Check out one of my quick and dirty graphs:
<http://yowzas.com/charts/view/0316017922.gif>

------
aristus
When comparing technology vendors in a mature area I think it's good to pick a
new, smart entrant who's somewhat proven but still hungry. They are the ones
who get customers by competing on quality and features. Don't always go with
the default or the sexy choice.

"somewhat proven" is key. Don't shoot yourself by piloting something
experimental without the ability to fix it yourself or replace it in a hurry.

Know the technology well. Build the quick+dirty version yourself, then shop
around for mature software that does what you now know you need.

------
brandnewlow
Every morning I wake up and read all the latest Chicago news, looking for
stuff to submit to my social news site or pass along to other users to check
out.

This was taking a long time and wasn't very fun.

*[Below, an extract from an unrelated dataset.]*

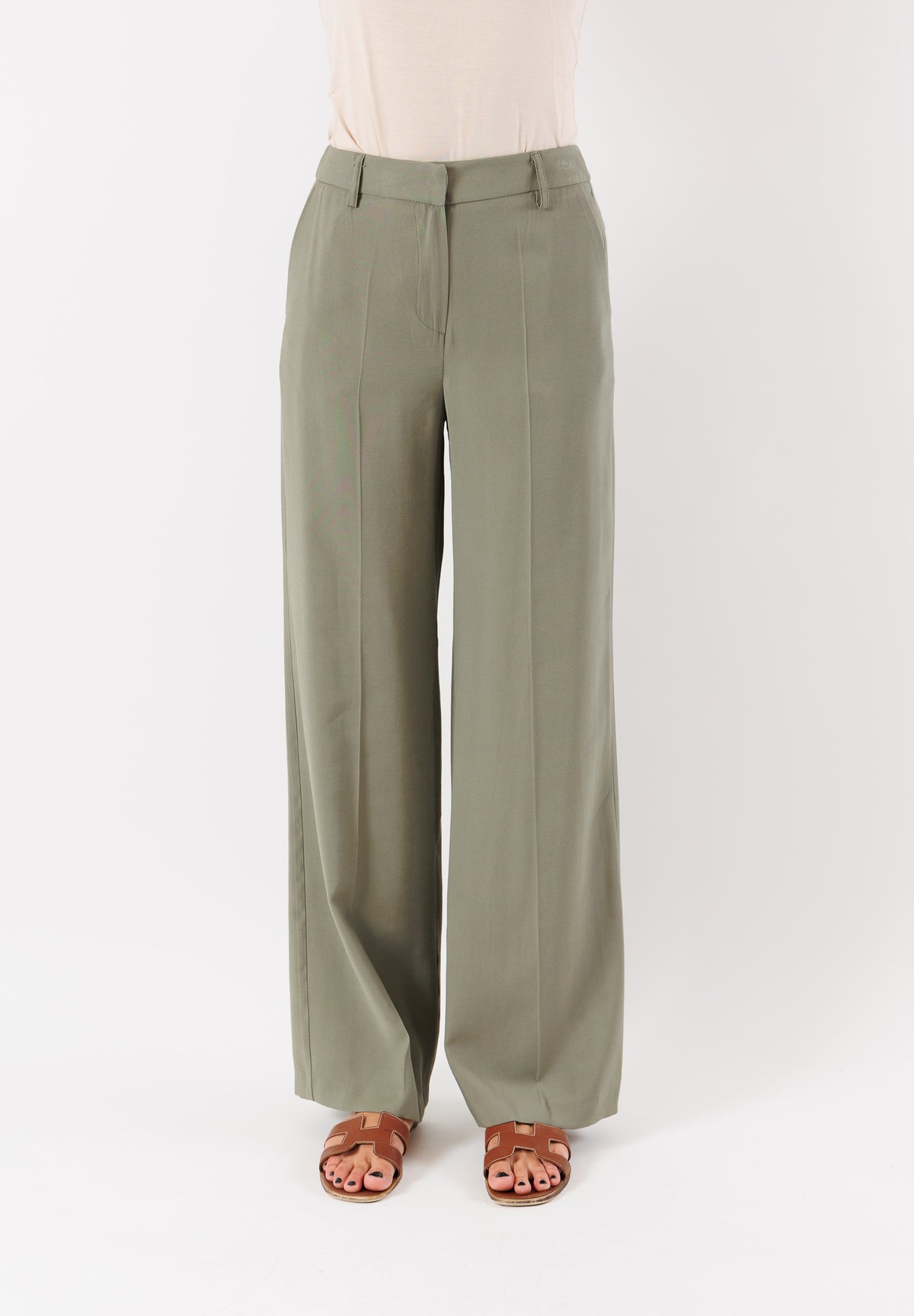 PE25050MILITARY - Trousers - MESANGE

So I created my own private alltop/tinyURLs for every mainstream media RSS
feed, local blog and the search results for "Chicago" for all the big social
media sites.

It's saved me great big gads of time. At some point I will possibly open this
up to others.

------
skmurphy
Patrick, you've also mentioned this dashboard on JBoS. I would be interested
in licensing the script(s) from you. Contact info in my profile.

------
izak30
Read non-important news once a week.

Check your e-mail when you're not working..not all day.